Statistics review 13: Receiver operating characteristic
R code accompanying
paper
Key learning points
- Methods for assessing the performance of a diagnostic test
- Sensitivity, specificity and likelihood ratio of a test
- Receiver operating characteristic curve and the area under the curve
suppressPackageStartupMessages(library(tidyverse))
options(repr.plot.width=4, repr.plot.height=3)
Data
died <- c(81, 45)
survived <- c(591, 674)
df1 <- data.frame(died=died, survived=survived,
row.names=c("Lactate >1.5 mmol/l", "Lactate ≤1.5 mmol/l"))
df1
| died | survived |
Lactate >1.5 mmol/l | 81 | 591 |
Lactate ≤1.5 mmol/l | 45 | 674 |
Data set with different prevalence
died <- c(386, 214)
survived <- c(370, 421)
df2 <- data.frame(died=died, survived=survived,
row.names=c("Lactate >1.5 mmol/l", "Lactate ≤1.5 mmol/l"))
df2
| died | survived |
Lactate >1.5 mmol/l | 386 | 370 |
Lactate ≤1.5 mmol/l | 214 | 421 |
Sensitivity and specificity
prop.ci <- function(p, n, alpha=0.05) {
se <- sqrt(p*(1-p)/n)
k <- qnorm(1 - alpha/2)
round(c(p - k*se, p + k*se), 2)
}
sens <- function(tbl) {
a <- tbl[1,1]
b <- tbl[1,2]
c <- tbl[2,1]
d <- tbl[2,2]
n <- a + c
p <- a/n
round(p, 2)
}
0.64
p <- sens(df1)
n <- sum(df1)
prop.ci(p, n)
- 0.61
- 0.67
spec <- function(tbl) {
a <- tbl[1,1]
b <- tbl[1,2]
c <- tbl[2,1]
d <- tbl[2,2]
n <- b + d
p <- d/n
round(p, 2)
}
0.53
Positive and negative predictive values
ppv <- function(tbl) {
a <- tbl[1,1]
b <- tbl[1,2]
c <- tbl[2,1]
d <- tbl[2,2]
n <- a + b
p <- a/n
round(p, 2)
}
0.12
npv <- function(tbl, alpha=0.05) {
a <- tbl[1,1]
b <- tbl[1,2]
c <- tbl[2,1]
d <- tbl[2,2]
n <- c + d
p <- d/n
round(p, 2)
}
0.94
Effect of prevalence
c(sens(df1)[1], sens(df2)[1])
- 0.64
- 0.64
c(spec(df1)[1], spec(df2)[1])
- 0.53
- 0.53
c(ppv(df1)[1], ppv(df2)[1])
- 0.12
- 0.51
c(npv(df1)[1], npv(df2)[1])
- 0.94
- 0.66
Likelihood ratios
lr <- function(tbl) {
round(sens(tbl)[1]/(1 - spec(tbl)[1]), 2)
}
1.36
Receiver operating characteristic curve (ROC)

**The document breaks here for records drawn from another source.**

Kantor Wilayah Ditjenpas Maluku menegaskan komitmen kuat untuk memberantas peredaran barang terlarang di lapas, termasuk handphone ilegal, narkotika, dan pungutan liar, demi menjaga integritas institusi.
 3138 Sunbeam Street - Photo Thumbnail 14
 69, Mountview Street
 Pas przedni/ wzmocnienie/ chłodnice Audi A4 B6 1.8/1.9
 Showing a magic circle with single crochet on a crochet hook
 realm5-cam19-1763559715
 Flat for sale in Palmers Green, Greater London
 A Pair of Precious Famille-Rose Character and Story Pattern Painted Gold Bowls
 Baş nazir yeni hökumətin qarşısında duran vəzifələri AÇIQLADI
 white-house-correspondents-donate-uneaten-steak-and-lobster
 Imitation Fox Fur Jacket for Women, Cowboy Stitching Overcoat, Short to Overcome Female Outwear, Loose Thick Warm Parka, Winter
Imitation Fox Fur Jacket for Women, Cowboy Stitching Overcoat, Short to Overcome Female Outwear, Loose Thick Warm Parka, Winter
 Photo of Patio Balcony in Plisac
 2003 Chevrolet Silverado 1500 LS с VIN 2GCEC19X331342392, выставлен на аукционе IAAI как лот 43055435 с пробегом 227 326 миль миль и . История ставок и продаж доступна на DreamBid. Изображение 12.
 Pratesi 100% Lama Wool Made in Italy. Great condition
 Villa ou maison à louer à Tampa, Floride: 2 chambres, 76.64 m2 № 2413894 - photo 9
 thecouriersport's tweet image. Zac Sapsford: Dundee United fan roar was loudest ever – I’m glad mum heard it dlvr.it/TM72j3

threshold <- c(0,1,1.5,2,3,5,25)
died <- c(126,114,81,58,37,19,0)
survived <- c(1265,996,591,329,131,27,0)
df3 <- data.frame(threshold=threshold, died=died, survived=survived)
df3
threshold | died | survived |
0.0 | 126 | 1265 |
1.0 | 114 | 996 |
1.5 | 81 | 591 |
2.0 | 58 | 329 |
3.0 | 37 | 131 |
5.0 | 19 | 27 |
25.0 | 0 | 0 |
n.died <- 126
n.survived <- 1265
sens.1 <-function(died, ndied) {
a <- died
c <- ndied-died
a/(a + c)
}
spec.1 <-function(survived, nsurvived) {
b <- survived
d <- nsurvived - survived
b/(b+d)
}
df4 <- df3 %>% mutate(sens=sens.1(died, n.died), one.minus.spec=spec.1(survived, n.survived))
df4
threshold | died | survived | sens | one.minus.spec |
0.0 | 126 | 1265 | 1.0000000 | 1.00000000 |
1.0 | 114 | 996 | 0.9047619 | 0.78735178 |
1.5 | 81 | 591 | 0.6428571 | 0.46719368 |
2.0 | 58 | 329 | 0.4603175 | 0.26007905 |
3.0 | 37 | 131 | 0.2936508 | 0.10355731 |
5.0 | 19 | 27 | 0.1507937 | 0.02134387 |
25.0 | 0 | 0 | 0.0000000 | 0.00000000 |
ggplot(df4, aes(x=one.minus.spec, y=sens)) + geom_point() + geom_line() +
geom_abline(intercept = 0, slope = 1, color='grey', linetype='dashed') +
coord_fixed()
Area under the curve (AUCROC)
suppressPackageStartupMessages(require(pracma))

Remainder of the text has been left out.